Il primo ad essere convinto di questa realtà è lo stesso Trump. “Non sarebbe meraviglioso”, si è chiesto, se “tutto fosse concordato improvvisamente dopo essere stati seduti allo stesso tavolo per un paio d’ore?”. Non andrà così, dice il tycoon, convinto che sarà necessario “un certo periodo di tempo”. Rimane, comunque, l’ottimismo sulla meta finale, alimentato dalle ripetute affermazioni che Kim Jong-un ha fatto anche in questi ultimi giorni.

Kim “vuole vedere che (la denuclearizzazione) accada”, dice Trump. “Penso che vogliano farlo, so che vogliono farlo. Vogliono svilupparsi come paese”, ha aggiunto il presidente. “E a un certo punto, speriamo (…) per il bene di milioni di persone, un accordo verrà fuori”.

Gli Stati Uniti, naturalmente, devono chiarirsi le idee su che cosa intendono concedere alla Corea del Nord in cambio alla rinuncia del loro arsenale. Più di qualcuno ritiene che i coreani intendano trattare sulla presenza del personale militare americano in Corea del Sud, 28.500 soldati che da 60 anni presidiano la fragile tregua con cui si è conclusa la guerra inter-coreana del 1950-53. Ci ha pensato però il Segretario alla Difesa James Mattis, parlando ieri ad una conferenza sulla sicurezza a Singapore, a togliere dal tavolo questa carta, sostenendo che ogni discussione sulle truppe Usa sarà “separata e distinta” da quelle che condurranno Trump e Kim a Singaporfe.

Per il momento, Trump si dice invece disposto a sospendere l’approccio della “massima pressione” elaborato nel corso di questi ultimi mesi, che prevede lo strangolamento dell’economia del Nord attraverso sanzioni stringenti. “Non voglio più usare il termine ‘massima pressione’”, spiega il presidente, “mentre stiamo “andando così d’accordo”.

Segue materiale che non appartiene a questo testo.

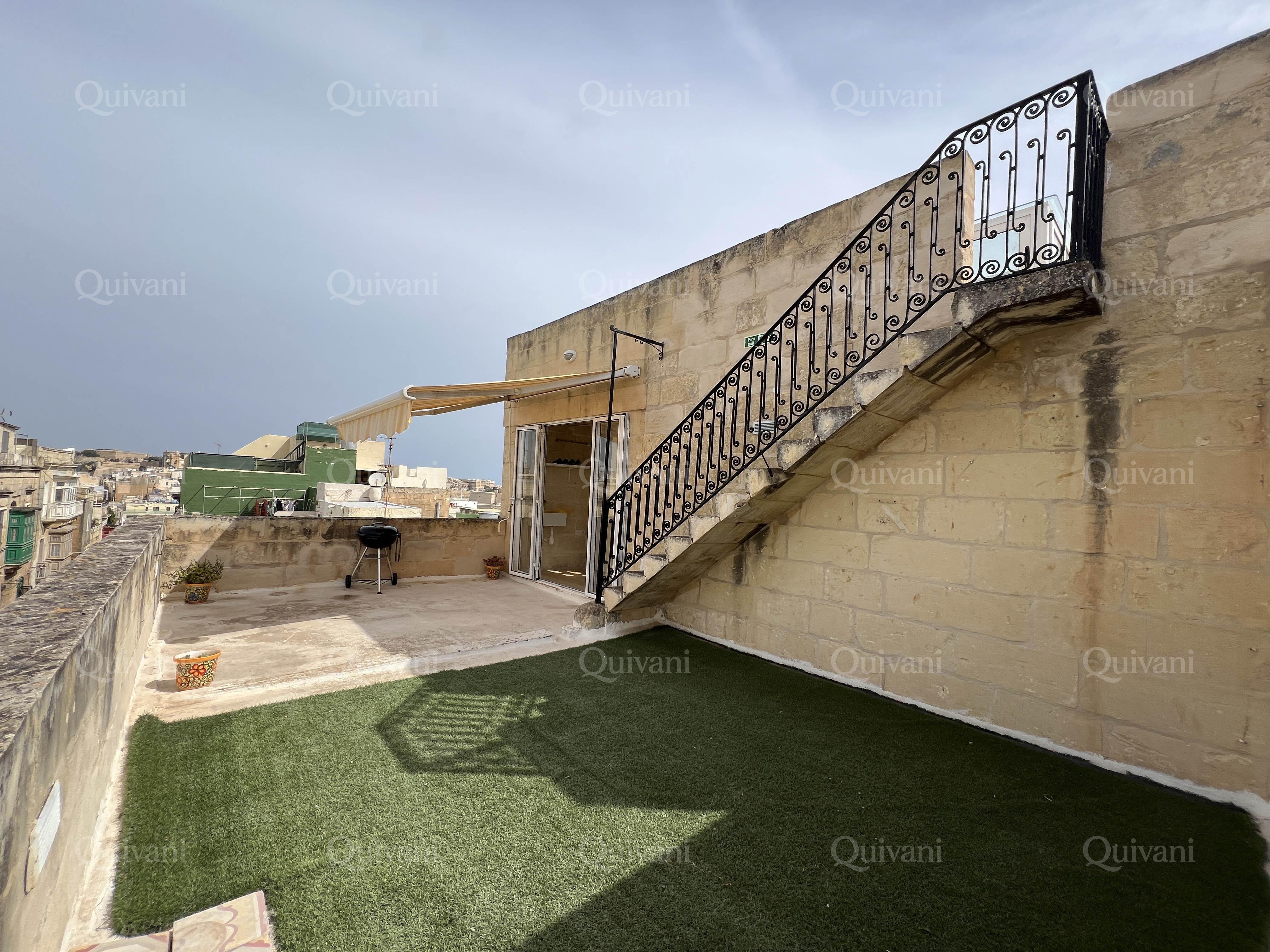 Senglea, Furnished Town House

Quale segno di buona volontà, Trump annuncia inoltre di aver bloccato una nuova tornata di sanzioni che il Ministero del Tesoro aveva approntato e che erano pronte a diventare operative. “Tutto rimarrà com’e per ora”, chiarisce Trump. “Non ho intenzione di introdurle (le sanzioni) se non nel caso i colloqui fallissero”.

Chiarito cosa ci si può attendere e cosa no dal summit, Trump ha spiegato che a Singapore potrebbe essere discussa anche la sigla di un trattato di pace che ponga definitivamente fine alla guerra del 1950-53, conclusasi con un mero armistizio. “Abbiamo intenzione di discuterne prima dell’incontro. Questo è qualcosa che potrebbe scaturire dal meeting”.

Usando le categorie trumpiane, l’incontro di ieri alla Casa Bianca si può dunque definire un grande successo, perché riapre una volta per tutte la possibilità di un risultato diplomatico su cui tutti gli attori coinvolti si dicono convinti. Anche se non si concluderà con un Nobel per la Pace per il presidente Usa, il summit di Singapore segnerà l’inizio di un percorso lungo e imprevedibile che potrebbe concludersi in qualunque modo ma che senz’altro farà la storia.